Recently, I was asked to be the Program Chair for the Leadership Summit. This is a one day event focused on building leadership mastery that follows several 4-5 days of tutorials and sessions at the SQE Better Software/Agile Development/DevOps conference. To say people are wiped out by the time Friday rolls around, is simply a big understatement. So I brainstormed with the speakers: Doc List, Jake Calabrese, Mike Longin, Prateek Singh and Noopur Davis. What could we do that would be valuable to leaders and increase energy in the room?
Luckily, a number of these wonderful people had been exposed to Presentation Karaoke! This is Arlo Belshee’s genius creation. He had the idea a couple of years ago and immediately worked to make it a reality. Essentially, you pick a random topic from a fishbowl (maybe TDD, Mindset, etc) and then you present against a huge deck of slides that automatically advance. You have NO IDEA what is going to show up on that screen – but you have to keep talking about your selected topic.

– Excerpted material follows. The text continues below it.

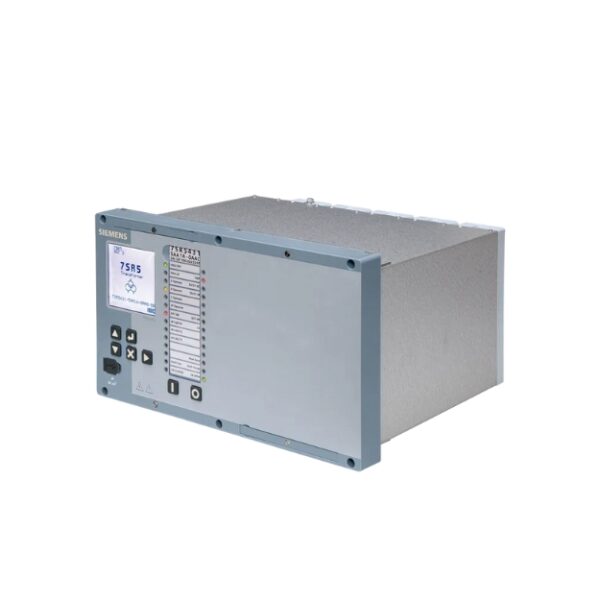Реле защиты трансформатора Siemens Reyrolle 7SR54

In order to increase the safety of getting as many volunteers as possible in 30 minutes, I make a couple of tweaks. First, I lowered the time before slide advancement to 20 seconds. Second, I lowered how long you were up there to about 2 minutes. Third, you could have the crowd give you three topics to choose from or choose your own topic. The core remained the same…no idea what was going to be shown next.
So many awesome things to highlight:
- Volunteers: Yes, all the speakers were prepared to play but we had tons of attendees eager to give it a shot. Most even had the audience give them three topic options to choose from.
- Energy: Laughter is plentiful. Sometimes because the slides seem almost too perfect for the topic, sometimes because there just is no way to connect a random cat photo to BDD, and sometimes because the speaker thinks of something so clever that you just laugh from delight.
- Comfort Zone Challenge: This was new for most people in the room and they were willing to try in front of others. What a great example a leader can set for his/her teams that failing is learning and trying is important!
- Knowledge: Some remarked that they were surprised by how much knowledge that had to be able to make random connections.
- Confidence: For many people, public speaking is not high on the list of favorite things to do. People get nervous about making a mistake, not having all the answers, not being polished, etc. In this format, the pressure for perfection is off.
- Stress Check: The stress of “can I do this” is there but two minutes with slides going every 20 seconds, means that this is over very quickly. There is a low bar for being able to overcome the stress that might prevent you from trying.
- Improv: Let’s face it, leaders never know what is coming next. Working the muscle of adapting quickly and calmly is extremely beneficial. This is simply an amazing tool to practice growing that muscle.
What might you leverage the value of this tool?